Consider a uniform square plate of side 'a' and mass 'm' The moment of inertia of heis plate about an axis perpendiucalar to its plane and passing through one of its corners is

To find the moment of inertia of a uniform square plate of side 'a' and mass 'm' about an axis perpendicular to its plane and passing through one of its corners, we can follow these steps: ### Step 1: Moment of Inertia about the Center First, we need to calculate the moment of inertia of the square plate about an axis passing through its center. The formula for the moment of inertia \( I_{CM} \) of a square plate about an axis perpendicular to its plane and passing through its center is given by: \[ I_{CM} = \frac{1}{6} m a^2 \] ### Step 2: Finding the Distance to the Corner Next, we need to find the distance from the center of the plate to the corner where the axis is located.
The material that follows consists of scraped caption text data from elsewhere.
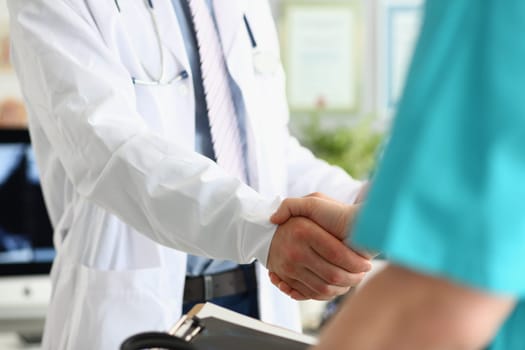 Closeup of two doctors shaking hands against backdrop of medical office. Concept of cooperation in medicine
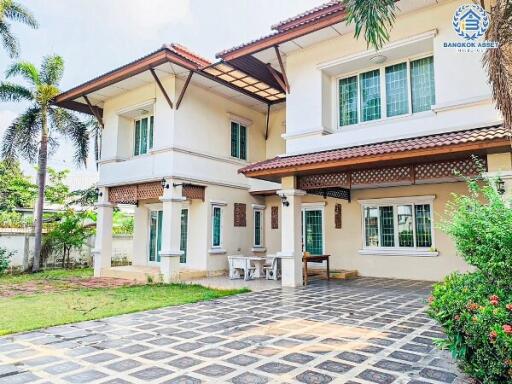 Spacious two-story suburban house with a tiled front yard and greenery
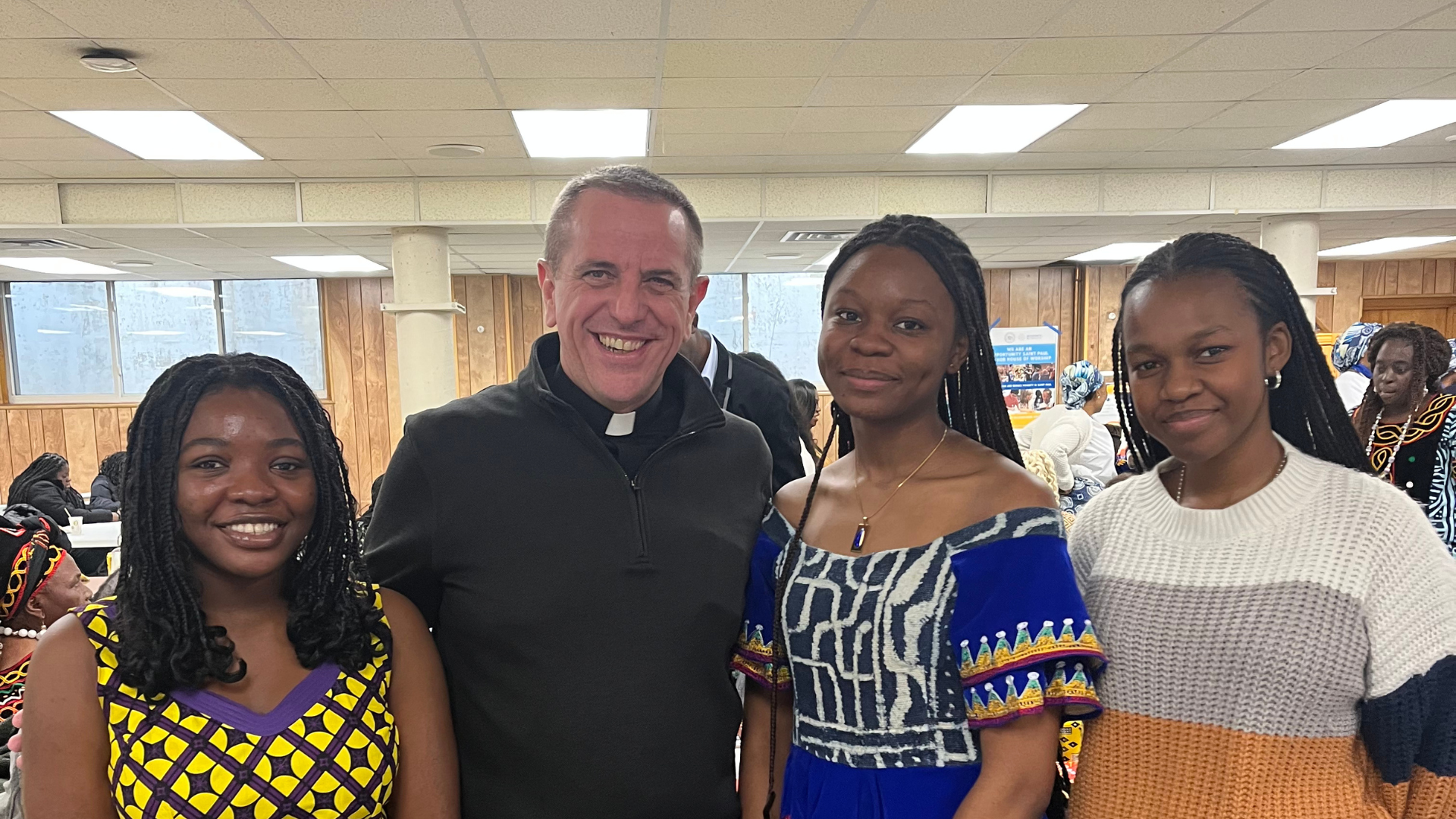 A Catholic priest smiles alongside three young women, two of whom wear colorful African dresses, while the third wears a cozy striped sweater. The group poses together during a joyful cultural or faith-centered event.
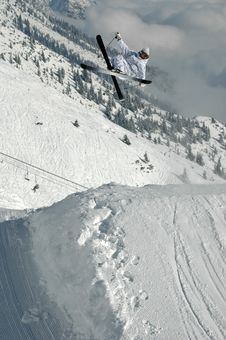 Young Freestyle Skier Jumping High Stock Images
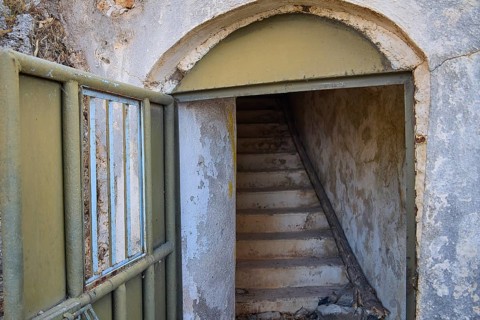 An open entrance with stairs leads into a dilapidated, secluded structure, Lost Place, Lago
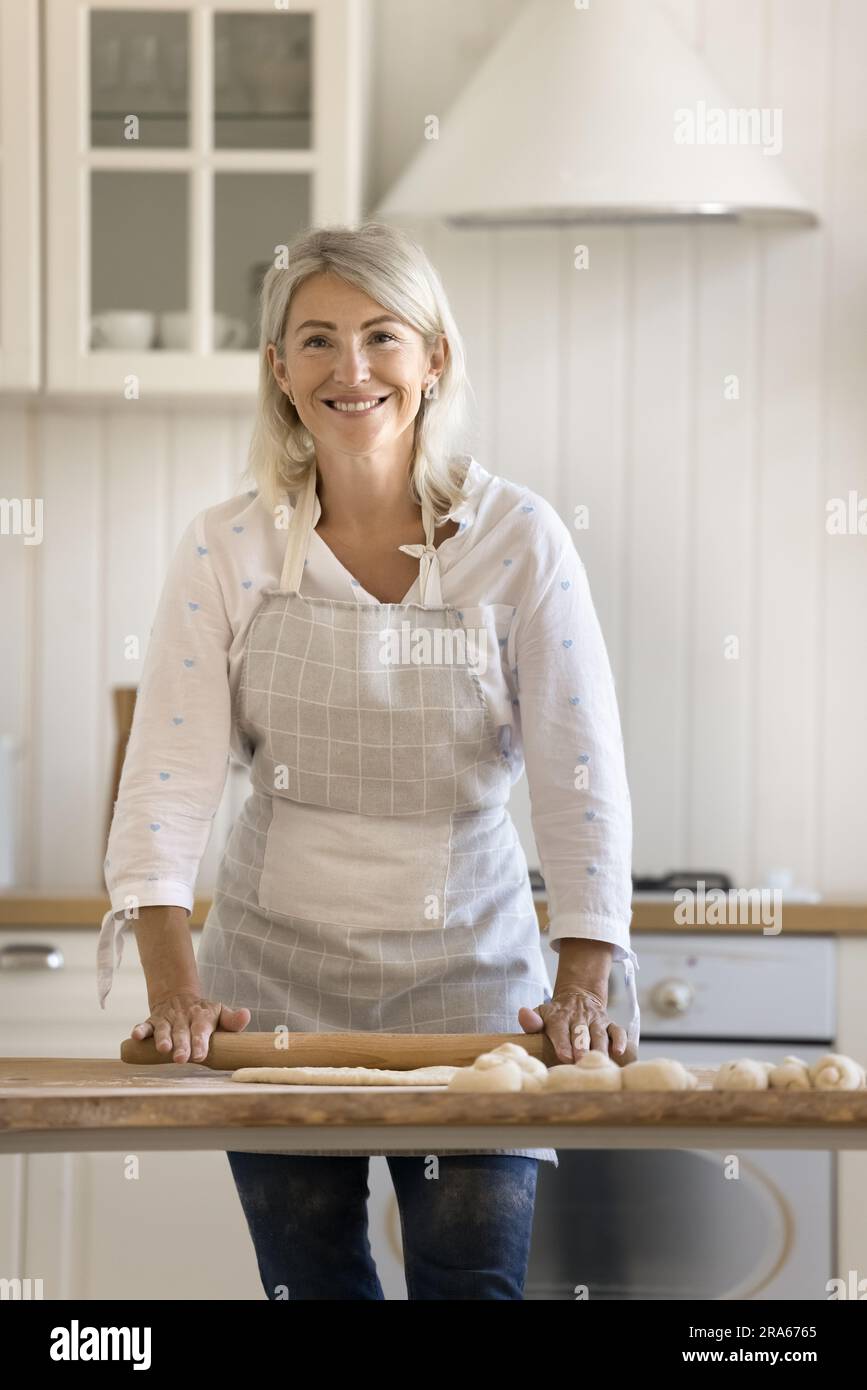 Happy pretty blonde mature baker woman in apron rolling dough Stock Photo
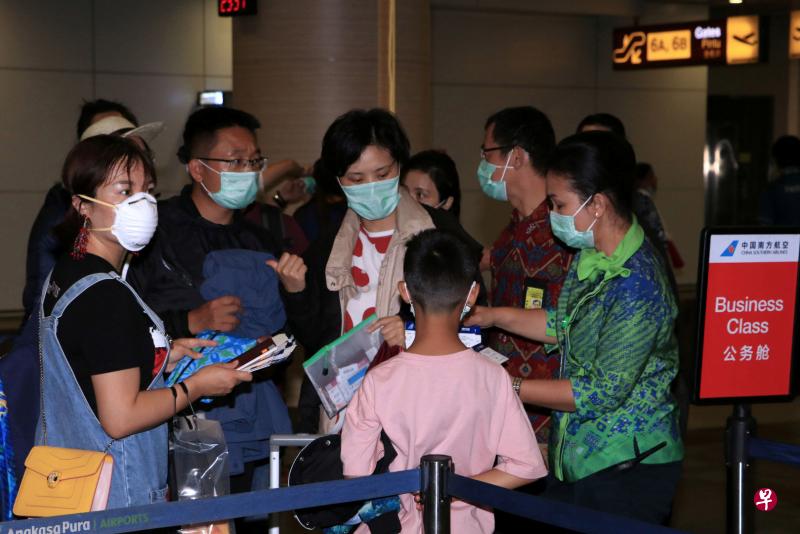 2020年2月4日，峇厘岛I Gusti Ngurah Rai国际机场人员检查南方航空飞往中国广州的航班乘客的机票。（路透社） 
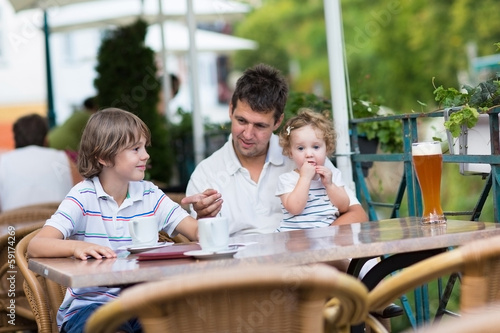 Young father relaxing in an outside cafe with his children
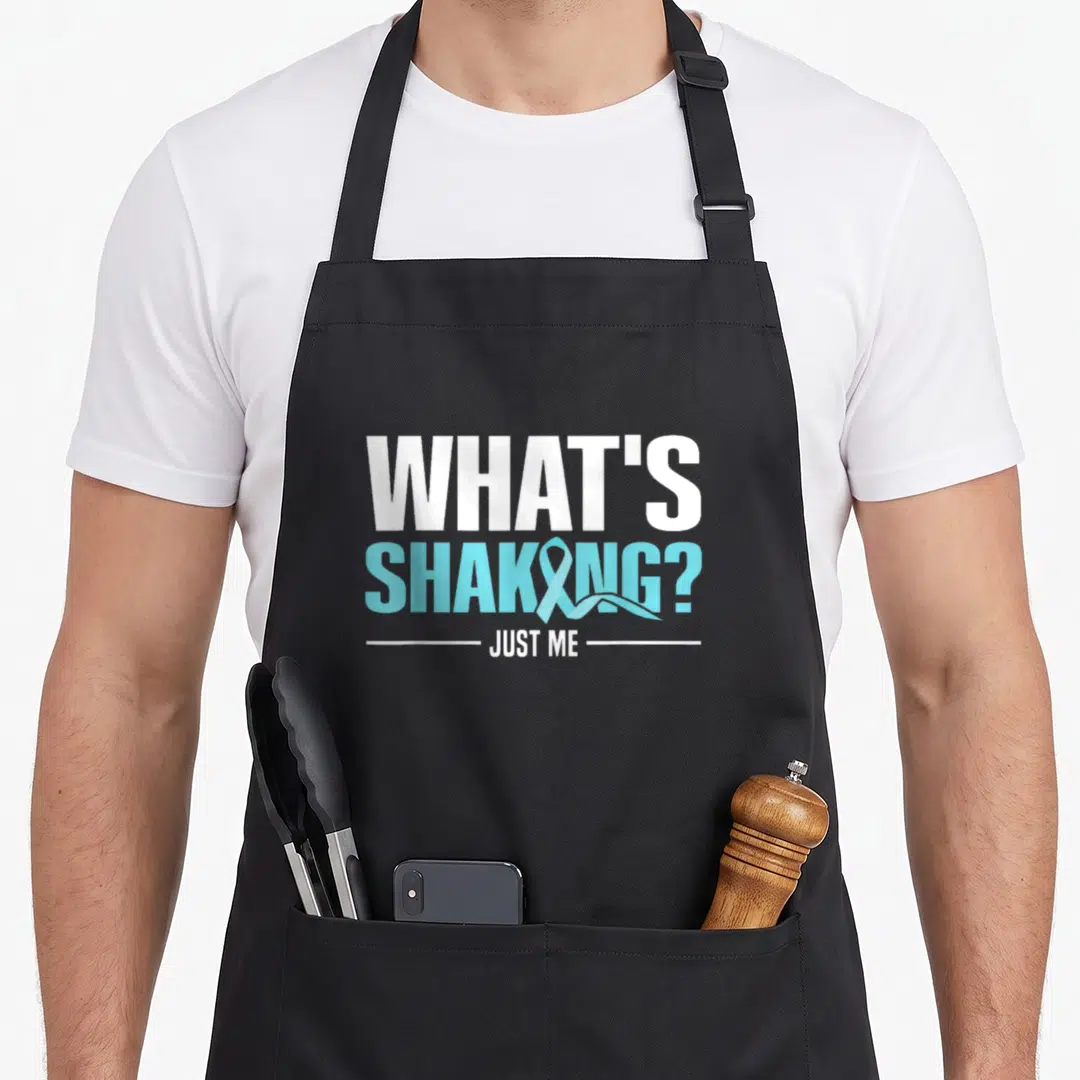 Supporter parkinsons awareness apron - White and blue text reading whats shaking just me with a ribbon replacing — shown on a black cotton canvas apron against a white background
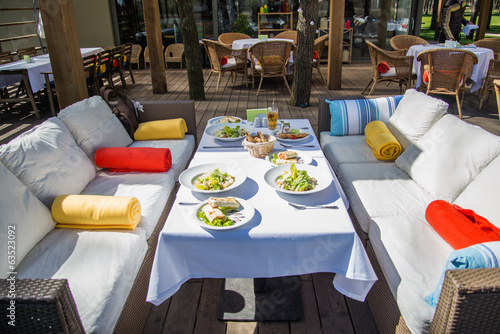 Canvastavla Served table at summer terrace cafe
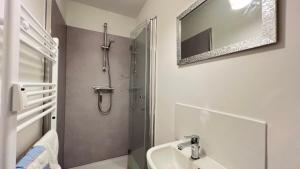ein Bad mit einer Dusche, einem Waschbecken und einem Spiegel in der Unterkunft Work&Stay - City nah in Neumünster
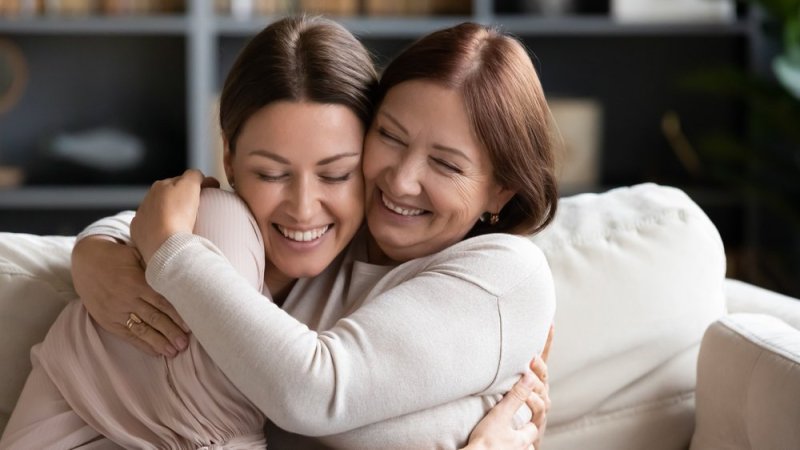 Affectionate loving middle-aged mother cuddling grownup child, amazed by good news. Excited to see daughter, happy senior older mom cuddling her, sitting together on a comfortable sofa in the living r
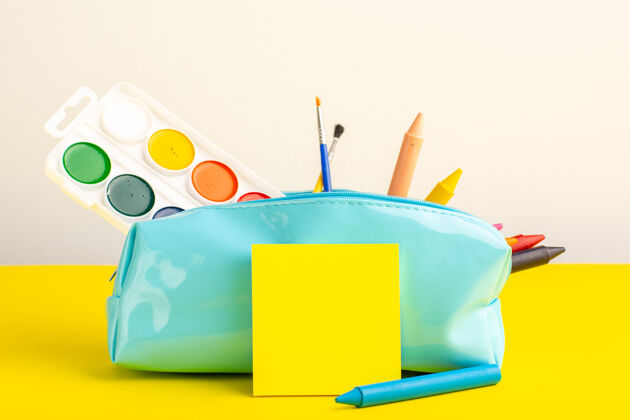 钢笔黄色书桌上蓝色笔盒内的不同颜色的铅笔和颜料记事本学校油漆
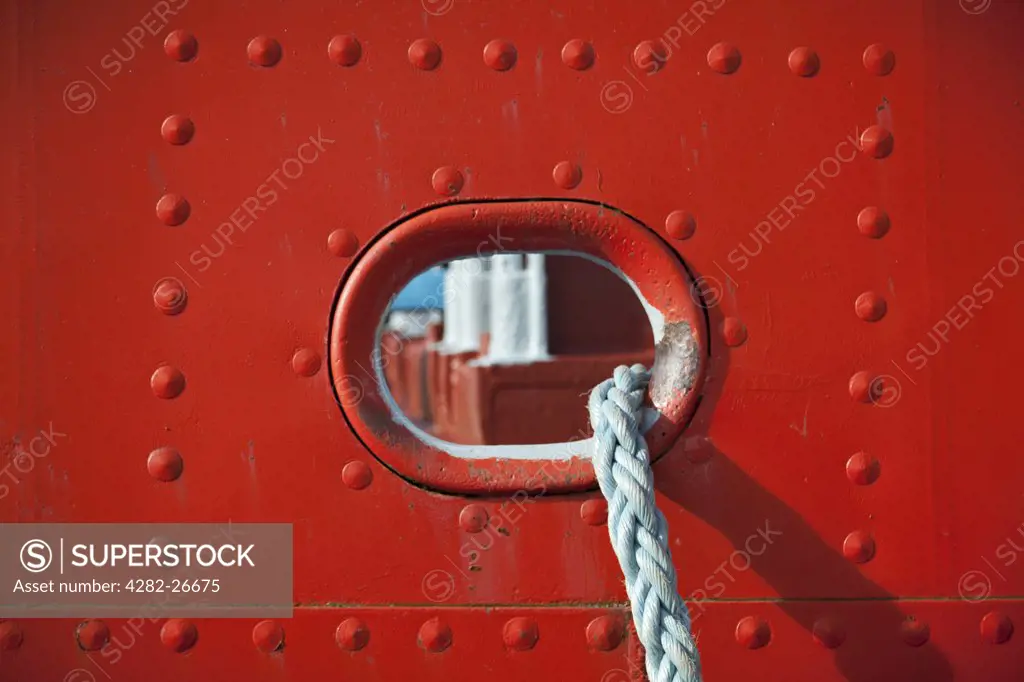 England, Merseyside, Liverpool. Portal and rope on the side of a ship.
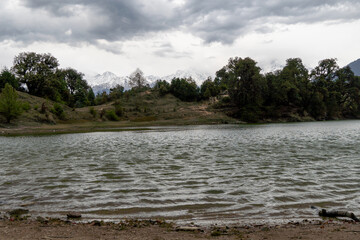 A serene lake with gentle ripples reflects the cloudy sky, surrounded by dense green trees and distant snow-capped mountains. Peaceful overcast atmosphere at Deoria tal lake trek in Ukhimath, India.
The distance from the center of the square to a corner can be calculated as follows: The diagonal of the square is given by: \[ d = a\sqrt{2} \] Since we need the distance from the center to the corner, we take half of the diagonal: \[ \text{Distance} = \frac{d}{2} = \frac{a\sqrt{2}}{2} \] ### Step 3: Applying the Parallel Axis Theorem Now we can apply the Parallel Axis Theorem, which states that: \[ I = I_{CM} + m d^2 \] where \( d \) is the distance from the center of mass to the new axis. Substituting the values we have: \[ I = \frac{1}{6} m a^2 + m \left(\frac{a\sqrt{2}}{2}\right)^2 \] Calculating \( \left(\frac{a\sqrt{2}}{2}\right)^2 \): \[ \left(\frac{a\sqrt{2}}{2}\right)^2 = \frac{2a^2}{4} = \frac{a^2}{2} \] Now substituting this back into the equation: \[ I = \frac{1}{6} m a^2 + m \cdot \frac{a^2}{2} \] ### Step 4: Simplifying the Expression Now we combine the terms: \[ I = \frac{1}{6} m a^2 + \frac{3}{6} m a^2 = \frac{4}{6} m a^2 = \frac{2}{3} m a^2 \] ### Final Result Thus, the moment of inertia of the square plate about the axis passing through one of its corners is: \[ I = \frac{2}{3} m a^2 \]